Aku menelan ludah. Apa Prisma kecewa melihat Rima menyerah untukku?
"Aku akan beralih ke Singapura buat pengobatan jantungku. Di sana peralatan medis lebih lengkap dan semoga aja bisa nyembuhin aku secara total. Aku pengen kaya temen-temen yang lain. Yang nggak takut apa-apa dan nggak penyakitan. Aku pengen banget, Kak."
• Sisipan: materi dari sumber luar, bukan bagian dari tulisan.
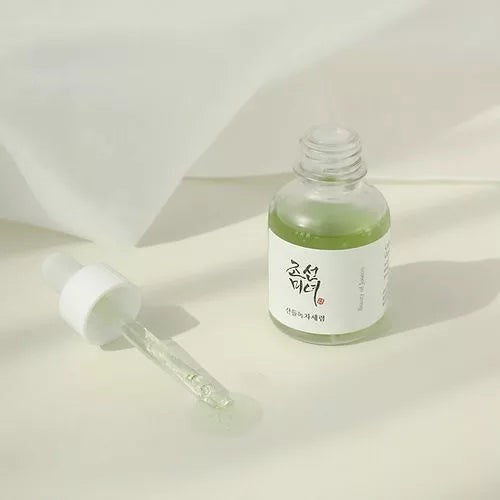 Skin TOGO Beauty of Joseon Calming Serum with green tea and panthenol in a 30ml glass dropper bottle on soft fabric.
Rima menangis. Ya aku tahu perasaannya bagaimana. Prisma memeluk Rima pelan untuk menenangkan. Aku berniat ingin pergi, namun pot bunga yang berada di depanku malah kutendang.
"Mira?"
Aku mendongak terkejut melihat Prisma dan Rima menatapku. Aku sudah menganggu mereka. Prisma berjalan mendekatiku yang gugup setengah mati karena ketahuan menguping pembicaraan mereka.
"Sejak kapan lo di sini?"
"Ba-ba-baru aja. Gue baru lewat."
"Mau apa lo di sekitar gudang?"
Ah, iya. Untuk apa di sekitar sini?? Aku bingung sendiri memikirkan jawabannya.
"A! Iya! Mau ambil sapu soalnya sapu di kelas menipis." Aku segera berjalan cepat ke pintu gudang.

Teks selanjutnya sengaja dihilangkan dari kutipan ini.